VICENTE ARAGUAS. (22 de abril de 2025). Roma, donde estuve una vez más en los días postreros de Francisco, es católica, apostólica y romana. Sobre todo, romana. Centro y sede del culto que une a tantísimos humanos. Algo así como La Meca de los musulmanes. O el Santiago de Compostela para caminantes convencidos de la verdad machadiana e, incluso, de aquel «On The Road» de Jack Kerouac: la mística tan versátil como la vida misma. Por lo que el Papa, cualquiera que lo sea, es una institución «per se». Un intocable. Aun así hay algunos más dignos de culto ya en vida. El que más, de los recientes, Angelo Roncalli, Juan XXIII, su momia visible en la Basílica de San Pedro. El que, ya muy anciano, quiso renovar la Iglesia, Vaticano Il, pero con aquella máxima de: «Hermanos, buscad lo que une más que lo que separa». Innecesario recordar que religión viene de «religare»: reunir. Juan XXIII es el Papa de mi niñez, desde luego, católica, y tengo hacia él un infinito afecto. Juan Pablo II, ariete en la caída del comunismo, fue tan inamovible en asuntos tocantes al dogma, como abierto en temas socio-políticos. De ahí su visita a la Cuba de Fidel Castro o su rechazo al trío de las Azores. A Ratzinger, francamente, no le perdono que tratase de Anticristo a Bob Dylan, cuando su predecesor en el Papado lo invitó a cantar en el Congreso de Bolonia. Un sansirolé acaba de llamar Anticristo al recién fallecido Francisco glosando un artículo mío en Majadahonda Magazin, coreando al sector más carcunda del catolicismo hispano, semejantes a las beatorras que oraban por la conversión de León XIII, el Papa de la «Rerum Novarum». Lo que me lleva a pensar qué grande fue Bergoglio, reabriendo las puertas vaticanas, haciendo que el aire fresco y razonado a la manera argentina, airease púlpitos y sotanas. Eso, a quienes seguimos llamándonos católicos a pesar del nacionalcatolicismo que sufrimos de niños y adolescentes, no deja de llamarnos una atención positiva. La Iglesia o es de todos o acabará no siendo de nadie.
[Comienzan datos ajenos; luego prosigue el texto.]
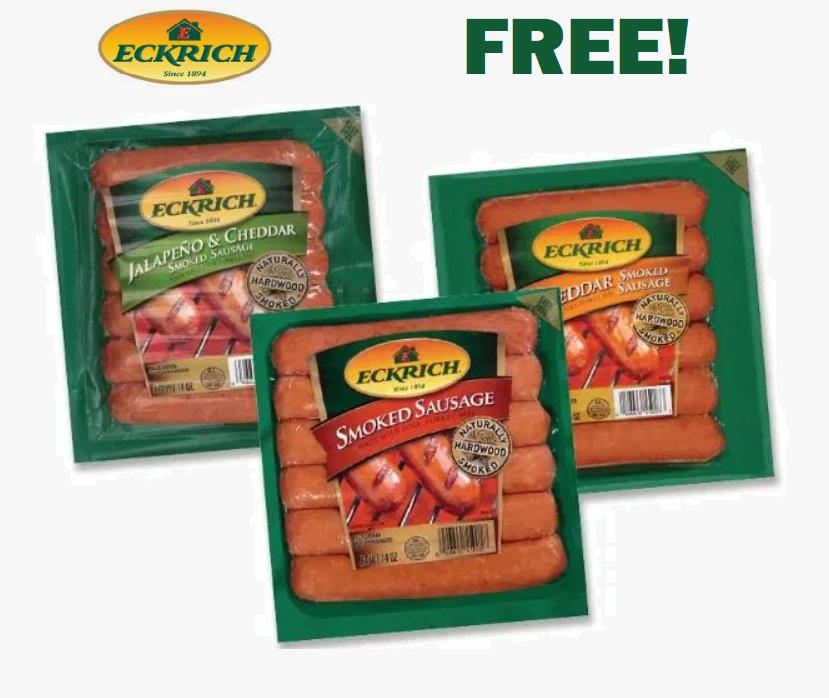 Image FREE Eckrich Smoked Sausage! TODAY ONLY!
Vicente Araguas tras haber recorrido el «Camino Inglés», alternativo al de Santiago, que ha popularizado desde Majadahonda en varios de sus artículos

A los romanos, francamente, ni fu ni fa. «Roma locuta causa finita» [«Roma ha hablado, el caso está cerrado»]. Y Roma hace mucho que dejó de hablar de un tema que domina para convertirse en algo semejante a un inmenso pesebre, para los que viven del turismo incesante. Ojo: sigue siendo un lujo que el «Éxtasis de Santa Teresa», Bernini, o el «Moisés» de Miguel Ángel, o el «Tríptico de San Mateo», Caravaggio, cada uno en su iglesia, sean espectáculo gratuito. Roma, también, generosa. Como el Papa Francisco, cuya muerte me sorprende en la República Checa, espléndidos templos y universidades de origen jesuítico. Como el gran Jorge Bergoglio. Ejerciente en la sede de la Compañía en Alcalá de Henares. Quien me ha devuelto ese calorcillo metódico y tibio que tenía medio escondido. Y por quién, en el aeropuerto de Praga, estoy rezando mi oración o poema. Todo lo mismo. Yo también, ahora, católico, apostólico y romano. Sí.